Question

guys please help me i'am really having a hard time in differential calculus

Answer 1

derivatives?

Answer 2

can you be more accurate about your problem?

Answer 3

x^2sinx+2xcosx-2sinx

Answer 4

uhm differentiation of inverse trigonometric functions

Answer 5

r u trying to differentiate: x^2sinx+2xcosx-2sinx ?

Answer 6

yes differentiate thanks

Answer 7

sin(u)= cos(u)

Answer 8

cosu=sinu

Answer 9

@renzarabit I can help you some. First off though:
sin(u)=cos(u) is a false statement. A true statement would be:
\[\frac{d}{du}\sin(u)=\cos(u)\]
Which means: "The derivative of sin(u) with respect to u equals cos(u)."
This is a true statement.
Also:
\[\frac{d}{du}\cos(u)=-\sin(u)\]
"The derivative of cos(u) with respect to u is Negative sin(u)."
These are two simple trig derivatives you should devote to memory.

Answer 10

oh thanks :)

Answer 11

Back to your original problem:
\[\frac{d}{dx} \left[ x^2 \sin(x)+ 2x \cos(x)-2 \sin(x)\right]\]
You need the product rule.

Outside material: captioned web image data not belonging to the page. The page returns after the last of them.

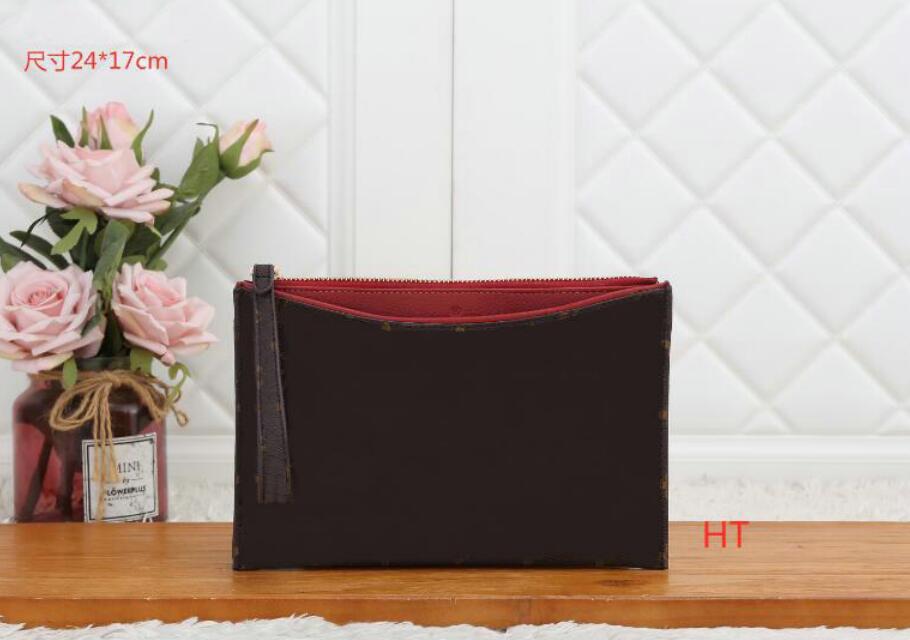 Women Portable Travel Toiletry bags 24 cm Protection Makeup Clutch handbag Leather Waterproof designer Cosmetic Bags wallet purse M45689, Purple
Women Portable Travel Toiletry bags 24 cm Protection Makeup Clutch handbag Leather Waterproof designer Cosmetic Bags wallet purse M45689, Purple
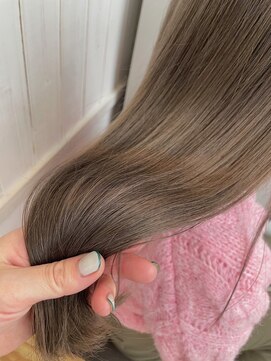 ナンバー ユアイロ 川崎(N° uairo) 大人かわいいくびれミディーラベンダーインナーカラー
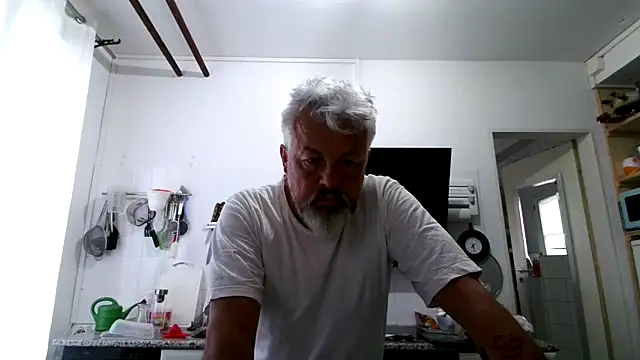 Berg Boy online show from March 16, 2026, 6:28 am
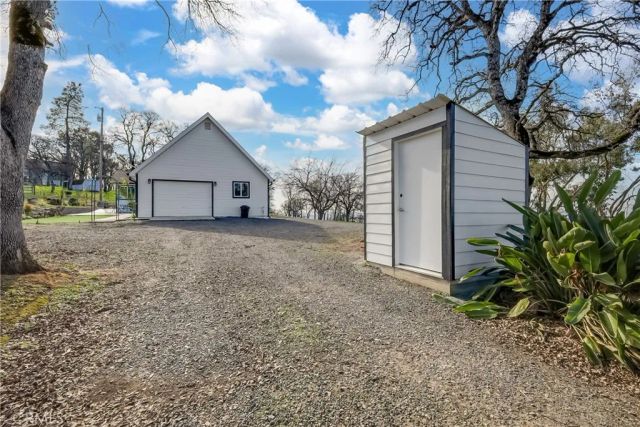 211 Sunny Hills Road, Bangor, CA 95901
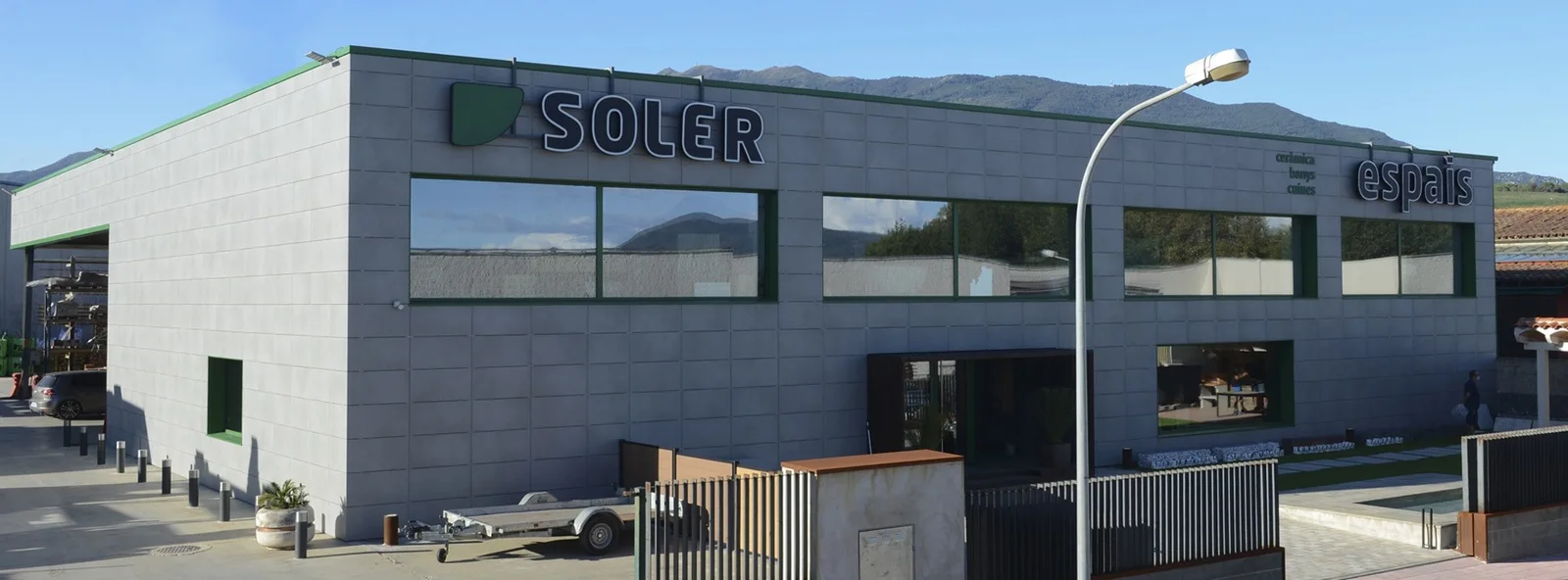Façana de Materials Soler al polígon La Serra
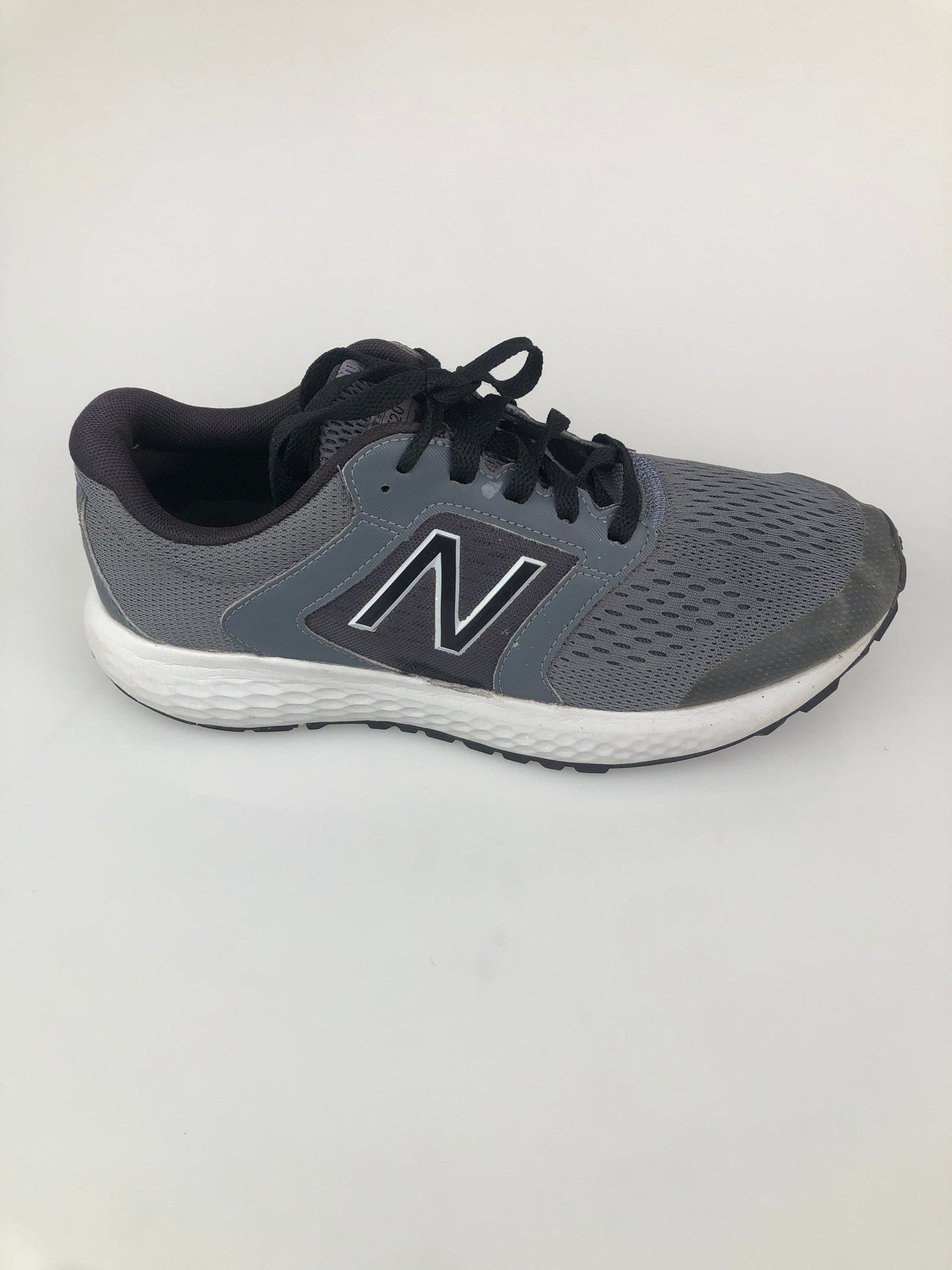 Tenis Gris Deportivo New Balance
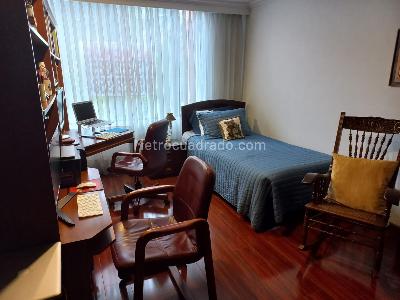 Apartamento de 3 alcobas en venta en Bella Suiza Baja, Bogotá, 230 m² · foto 7 de 20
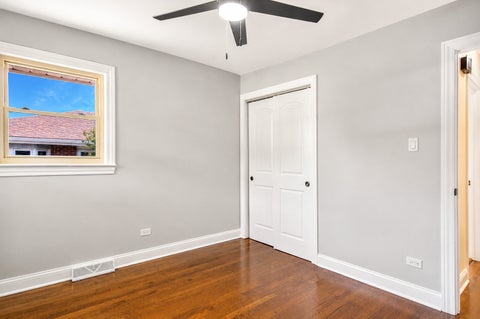 Tiny photo for 8818 S 55th Court, Oak Lawn, IL 60453 (MLS # 12669610)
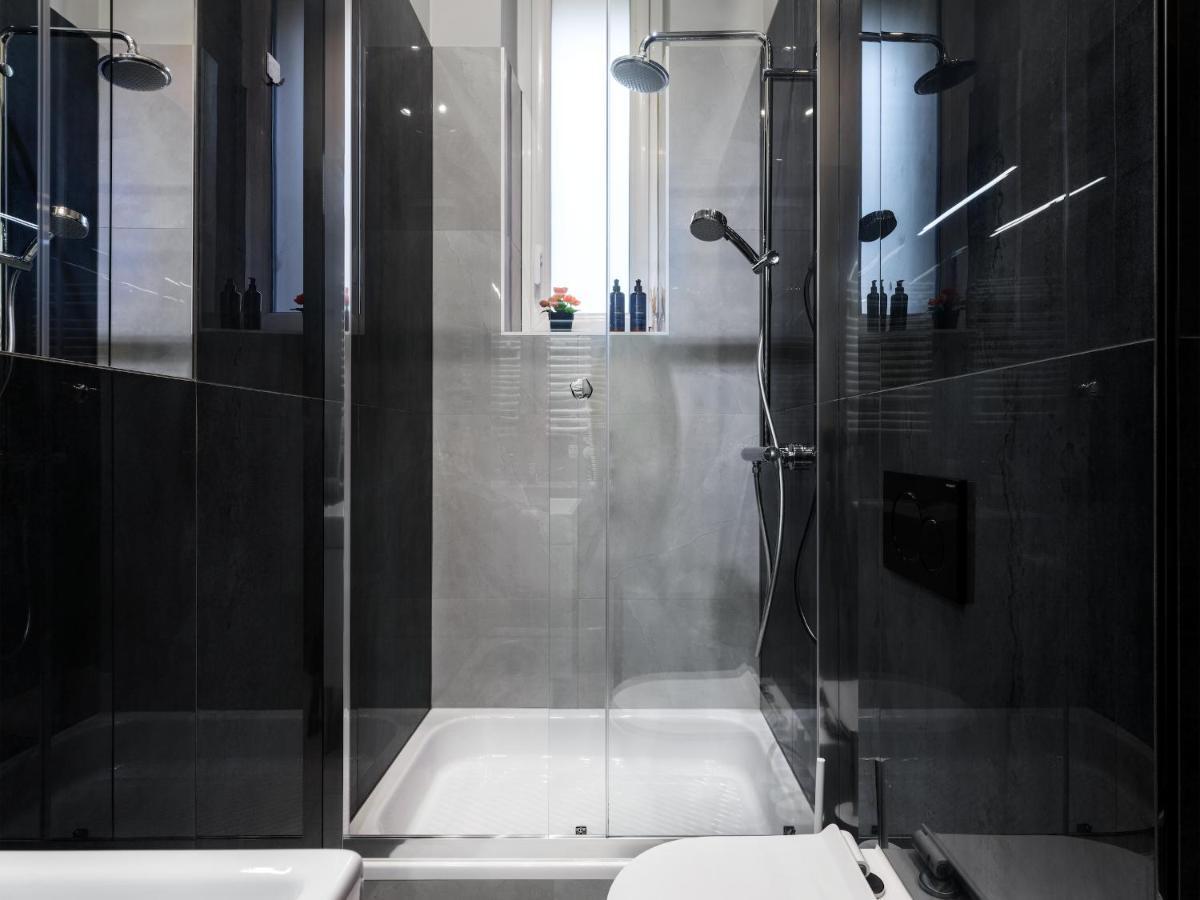 Tyzenhauz Apartments Economy คราคูฟ ภายนอก รูปภาพ
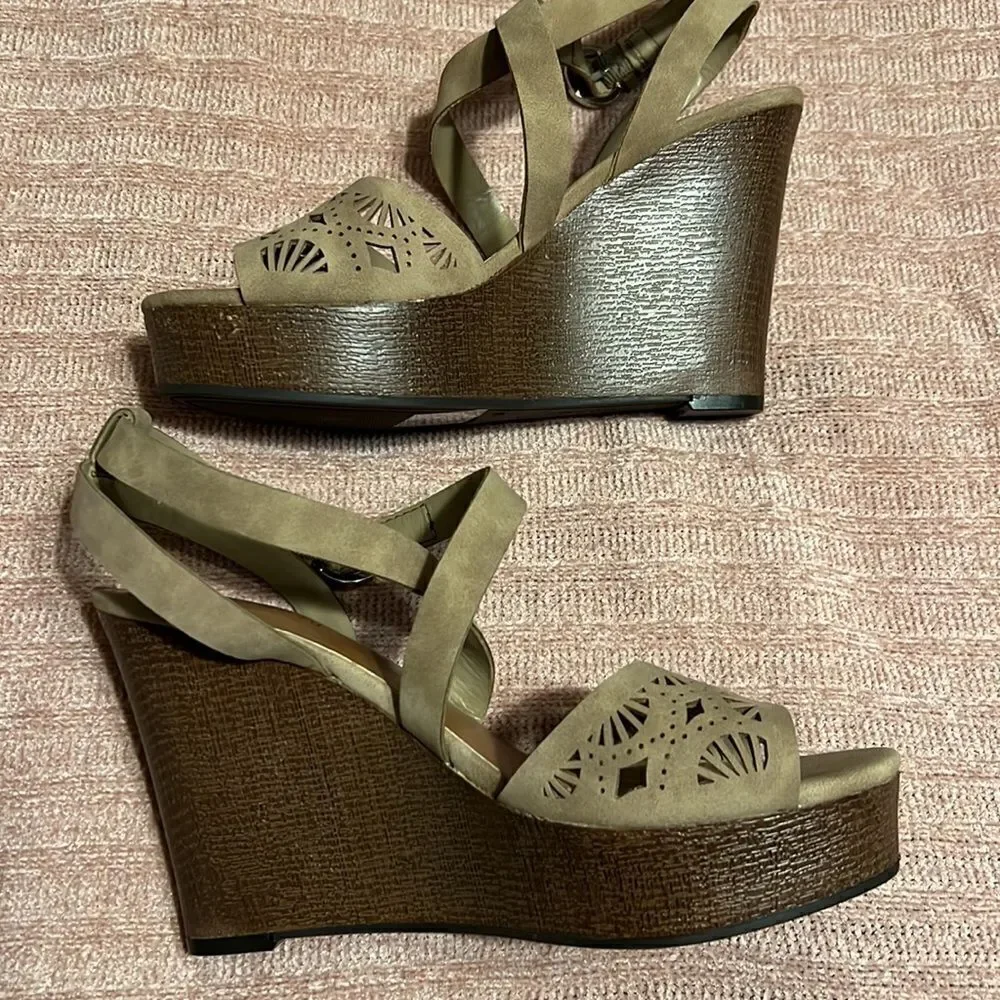 Indigo Road. Beige wedges. Size 7.5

The product rule says that if you have two functions, f(x) and g(x), multiplied together and you take the derivative you get:
\[\frac{d}{dx}f(x)g(x)=f'(x)g(x)+f(x)g'(x)\]
Where f'(x) means d/dx(f(x)).
So apply this to the first term you have:
\[\frac{d}{dx}x^2 \sin(x) = (2x)\sin(x)+x^2(\cos(x))\]
Does that make sense?

Answer 12

two teachers at the same time for this is too many. I leave it up to you @malevolence19
Goos luck @renzarabit !

Answer 13

*I meant good luck

Answer 14

Thanks @CarlosGP :P

Answer 15

thanks @CarlosGP :)))